Theology in Music

A blog considering theology as illustrated by Western Art Music

Fear and trembling

This weeks post concerns a piece by a composer once described as ‘half monk half naughty boy’ – Francis Poulenc. Presented as the first of his ‘four motets for a time of penitence’, though composed last, in early 1939 (I will leave it to readers to decide whether I’m thinking of it in March 2026 as relating to an international martial situation as the one that developed in the year of composition), Timor et Tremor combines verses in Latin from a couple of Psalms and implores the Lord’s help:

Timor et tremor venerunt super me,
et caligo cecidit super me:
miserere mei, Domine, miserere mei,
quoniam in te confidit anima mea.

Exaudi, Deus, deprecationem meam,
quia refugium meum es tu et adjutor fortis.
Domine, invocavi te, non confundar.

The setting comes across as relatively simple, and in places imitates plainchant styles: the incipit for example in simple octaves expanding to a choral response. There are successive and contrasting blocks of sound, marked out by dynamic and textural variation, often relating to illustration of the text: the subito piano for the falling darkness, for example.

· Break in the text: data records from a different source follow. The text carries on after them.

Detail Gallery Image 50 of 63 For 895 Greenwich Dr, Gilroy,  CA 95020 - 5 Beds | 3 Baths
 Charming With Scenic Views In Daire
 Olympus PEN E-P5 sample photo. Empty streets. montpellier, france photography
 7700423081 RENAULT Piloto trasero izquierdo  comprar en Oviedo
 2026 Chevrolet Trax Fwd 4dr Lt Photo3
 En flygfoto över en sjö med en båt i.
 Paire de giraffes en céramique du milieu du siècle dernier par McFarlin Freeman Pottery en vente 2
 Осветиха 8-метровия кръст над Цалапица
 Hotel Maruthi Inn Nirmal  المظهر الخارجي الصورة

The composer had been raised Catholic and his faith had been reinvigorated by hearing of the death of a friend in a car accident; his music before the 1930s had been largely secular and often ironic and humorous, and this style continued alongside his turn to more serious religious works. Whether he knew at the beginning of 1939 that war was coming – he had served as a young man at the end of the first world war and returned to service at the outbreak of the second – that his motets are designated for a time of penitence reflects perhaps something of his spiritual need at that time, and perhaps something of ours(?)

Exaudi, Deus, deprecationem nostram.